TRIPOLI, Lebanon: One protester was killed and 15 policemen were injured when stick-wielding and stone-throwing demonstrators protesting an anti-Islam film clashed with Lebanese security in the northern city of Tripoli Friday.
The fatality was identified as Mohammad Ayyoushi.
Some 1,000 demonstrators marched from Tripoli’s Al-Mansouri Mosque to nearby Nour Square following Friday prayers, shouting slogans against the U.S. and Pope Benedict XVI, who began a three-day visit to Lebanon.
They tore down posters and banners welcoming the pope that had been put in place by Saad Hariri’s Future Movement.
The demonstrators ignored warning shots fired by police, and tried unsuccessfully to make their way to the Tripoli Serail, which is close to Nour Square, hurling stones at policemen blocking their path. Some demonstrators also beat policemen with wooden and steel sticks.
Finding themselves unable to storm the Serail, the protesters headed some 500 meters down the road to a KFC/Hardee's outlet, setting the establishment on fire. They also set four delivery mopeds ablaze.
KFC/Hardee's staff evacuated the premises during the commotion.
At one point, the demonstrators destroyed a police jeep near the fast food establishment and a still camera belonging to The Daily Star's Tripoli correspondent, Antoine Amrieh. They also confiscated the still camera of another photographer.
After setting KFC/Hardee’s alight, the demonstrators tried to do the same to a Burger King outlet. Lebanese Army troops intervened and prevented them from doing so.
Troops backed by half a dozen Armored Personnel Carriers quickly deployed in Tripoli and calm began to return to the city.
Meanwhile, in south Lebanon's Ain al-Hilweh refugee camp, thousands of Palestinian Islamists rallied in protest against the U.S.-made film, shouting slogans against the U.S. and President Barack Obama.
"Listen, listen Obama, we are all Osama," shouted the protesters, in reference to Osama Bin Laden. They waved flags bearing Islamic slogans and burned an effigy of the U.S. president.
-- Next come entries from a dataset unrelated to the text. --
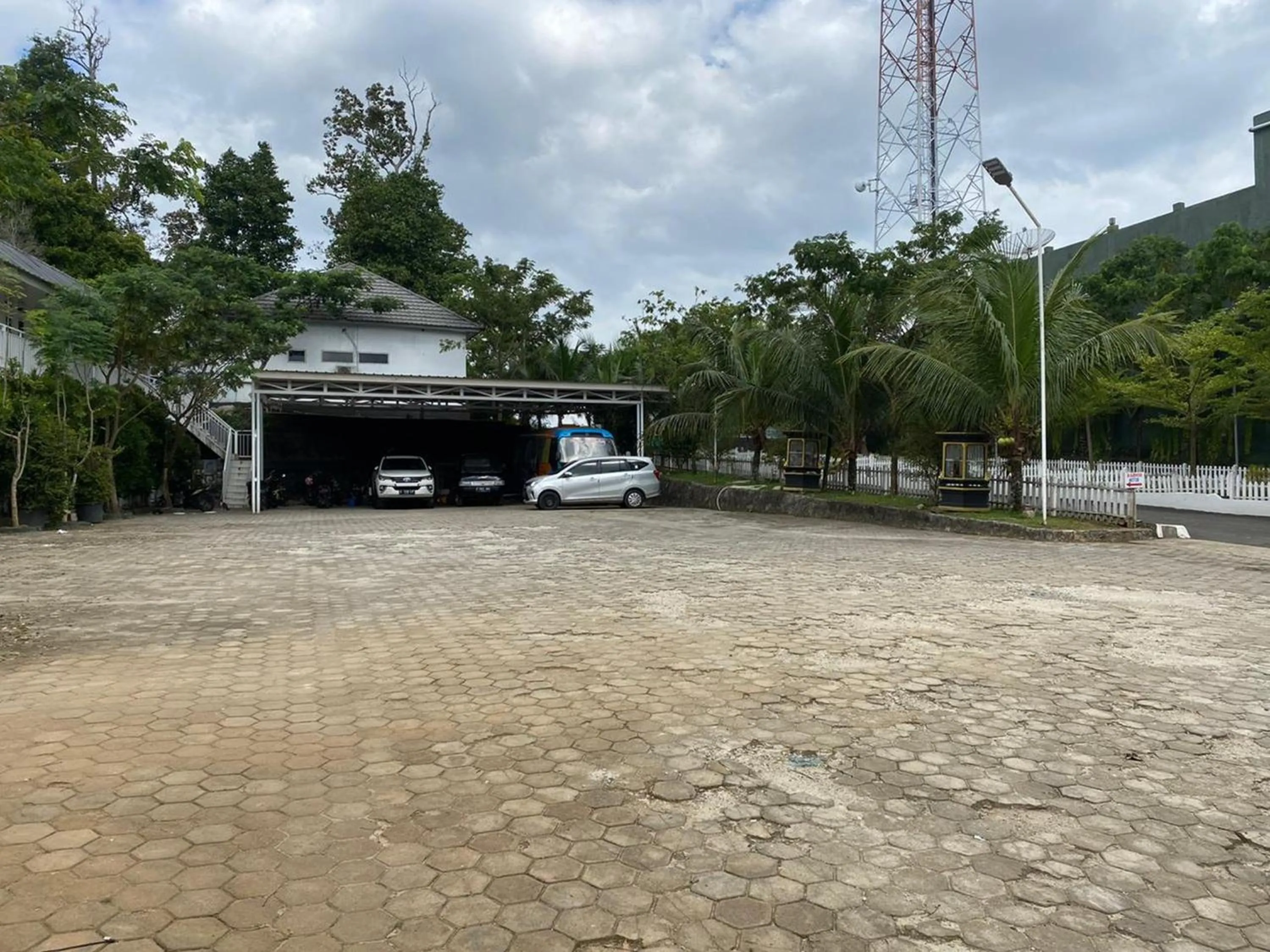 RedDoorz Plus at Puncak Mas Cottage Lampung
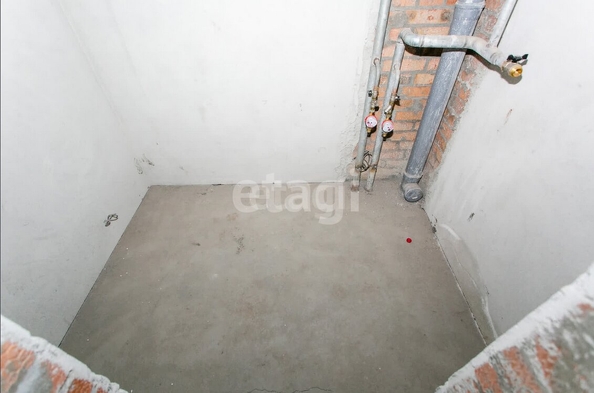 
   Продам 1-комнатную, 37 м², Виктора Уса ул, 1/1

. Фото 7.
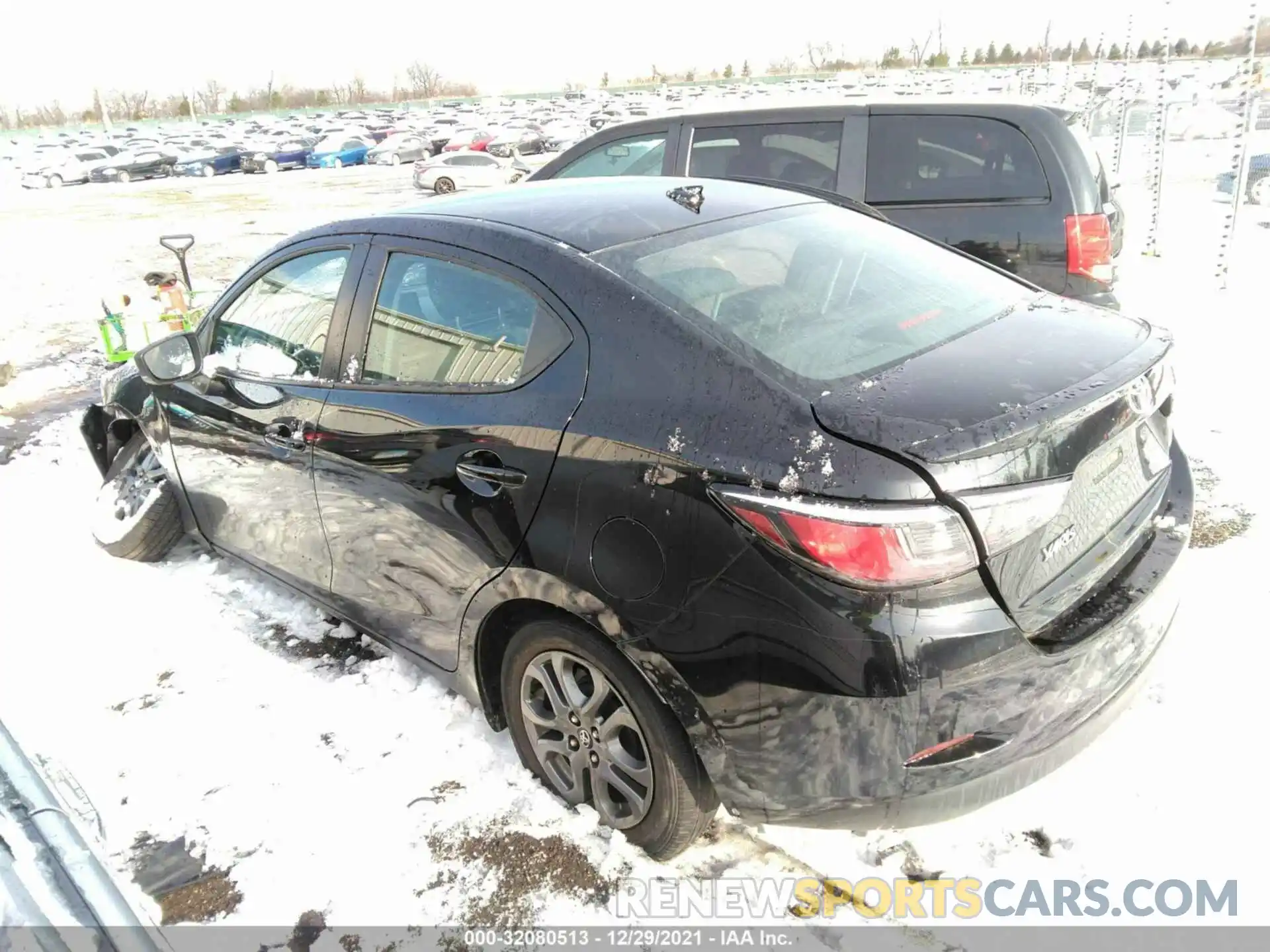 3 Photograph of a damaged car 3MYDLBYV8KY513494 TOYOTA YARIS SEDAN 2019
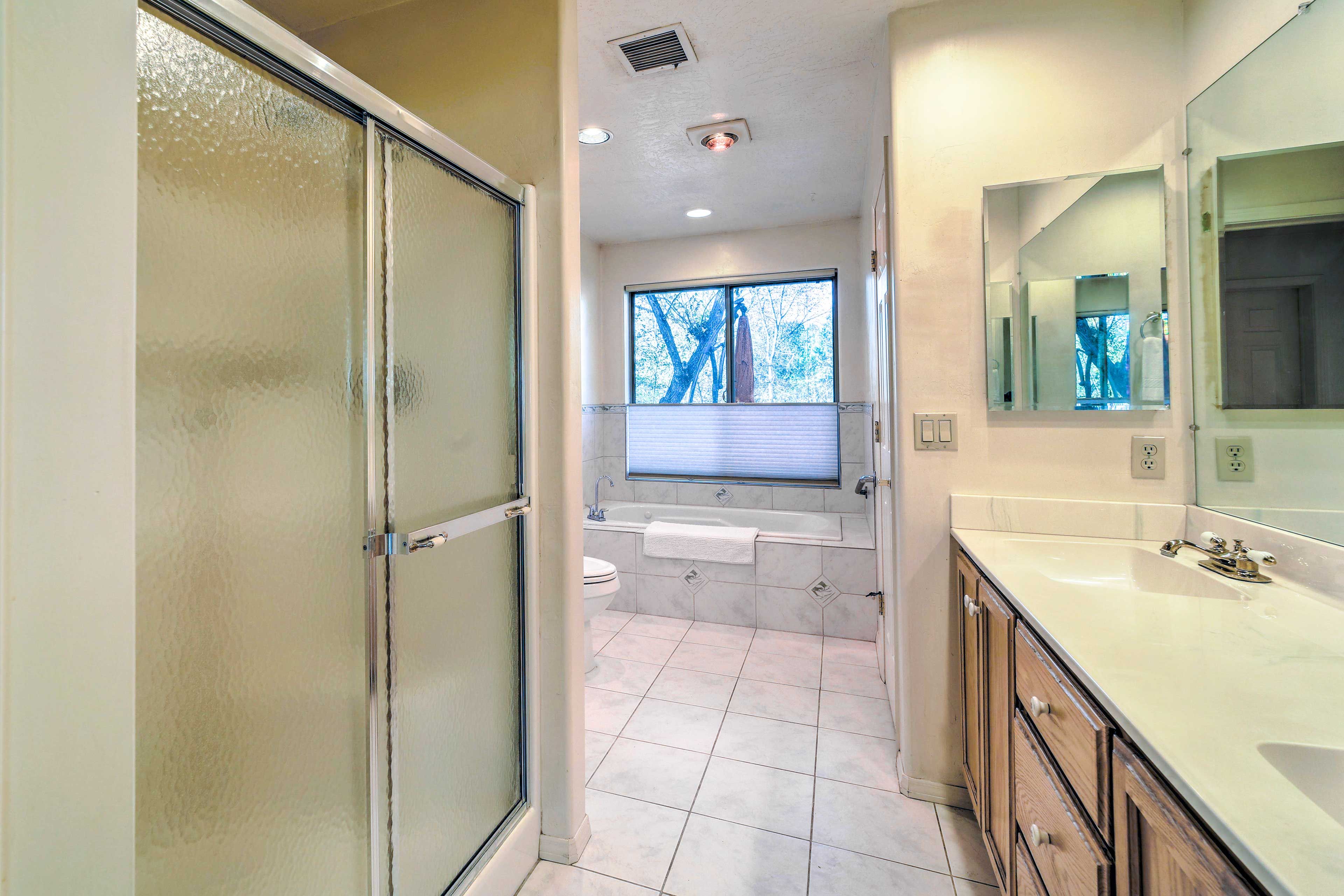 Full Bath | Jetted Tub | Hair Dryer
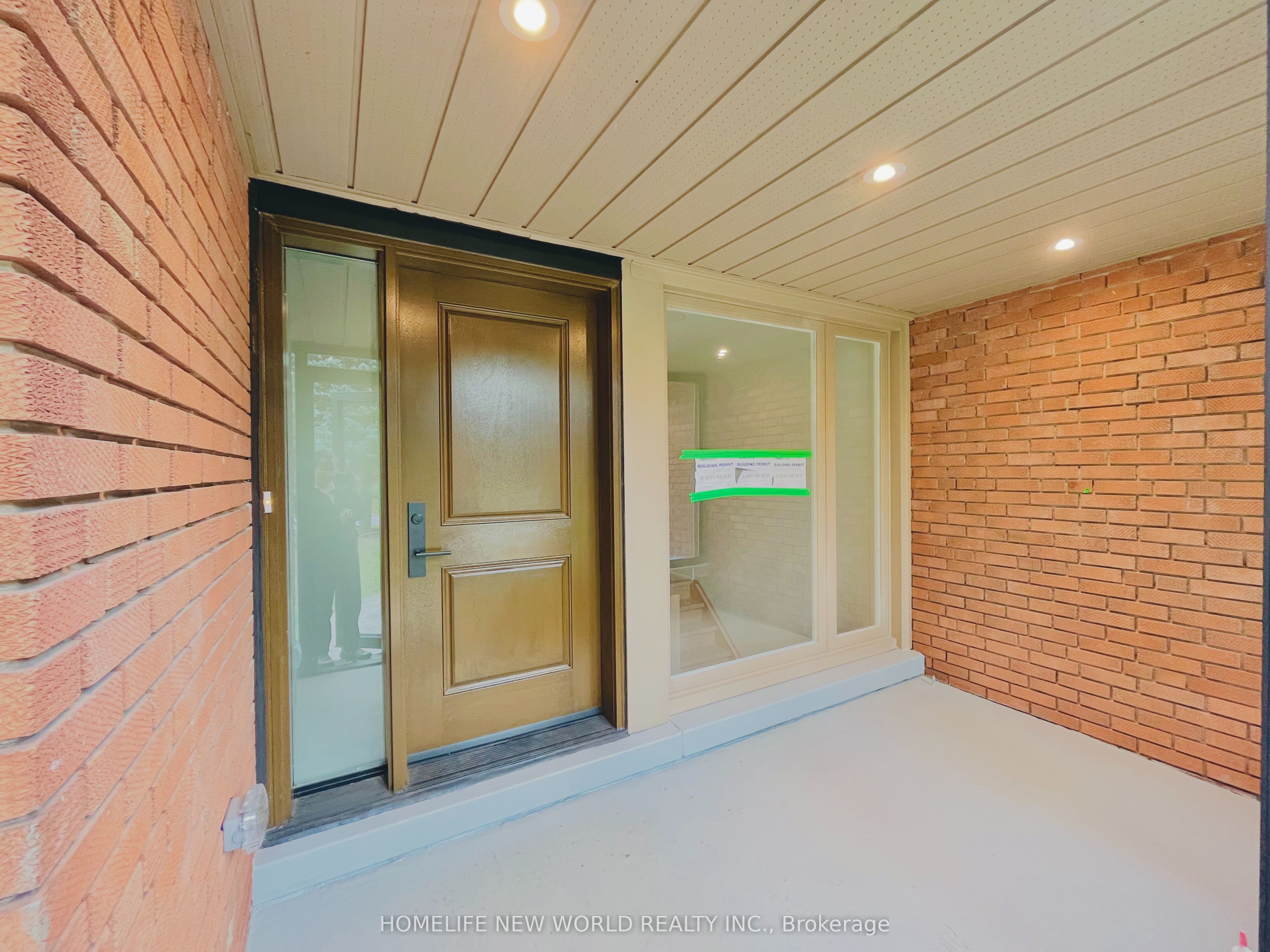 14 Rollscourt Drive Property Photo 3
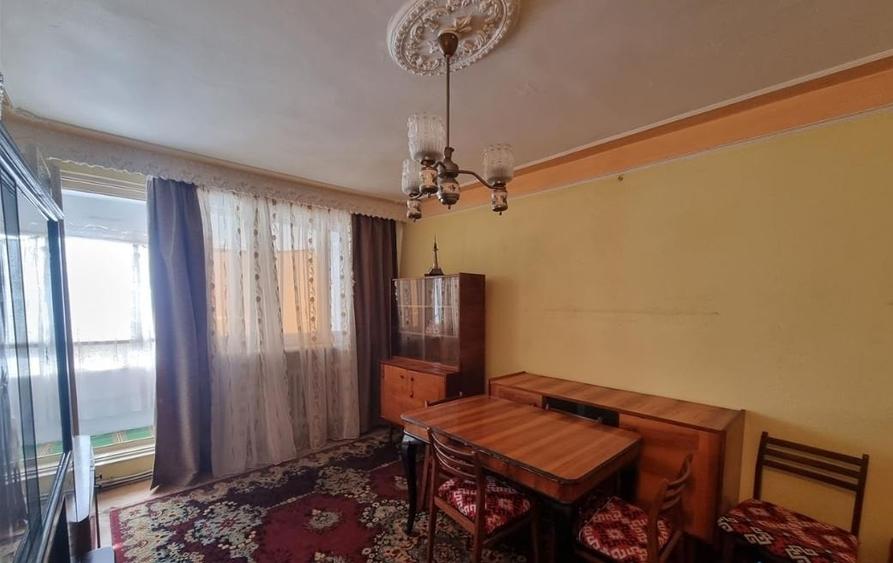 Apartament cu 3 camere decomandat, mobilat în Tătărași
A protest planned for Friday outside the Netherlands Embassy in Beirut did not take place.
Speaking to reporters Friday, U.S. Ambassador to Lebanon Maura Connelly said her country “had nothing to do with the disgusting movie that offends people of all faiths,” adding that governments everywhere should protect U.S. diplomatic missions.
“America has a history of religious tolerance and respect for religious beliefs that goes back to the founding of our nation,” Connelly said following her meeting with Prime Minister Najib Mikati at the Grand Serail.
She added that the U.S. is home to millions of Muslims and that the country rejected the denigration of religion.
“We also believe, however, that there is no justification for responding to this movie with violence. Islam respects the fundamental dignity of human beings and it violates that dignity to attack innocents,” she said.
The film depicts the Prophet Mohammad as a charlatan and a philanderer who authorized sexual abuse of children, among other nefarious acts. The film has caused outrage in several predominantly Muslim countries.
In Libya, angry demonstrators stormed the U.S. consulate in Benghazi earlier this week in an attack that killed Ambassador Christopher Stevens and four other American officials.
During her talk with reporters, Connelly decried attacks against diplomatic missions, adding that “governments everywhere have a responsibility to protect diplomatic missions.”
“We must not allow a tiny minority of people to provoke conflict among religions, countries, and cultures. All leaders must take a firm stand against violence, as Prime Minister Mikati and Foreign Minister Mansour have done today and as President Sleiman did yesterday,” she said.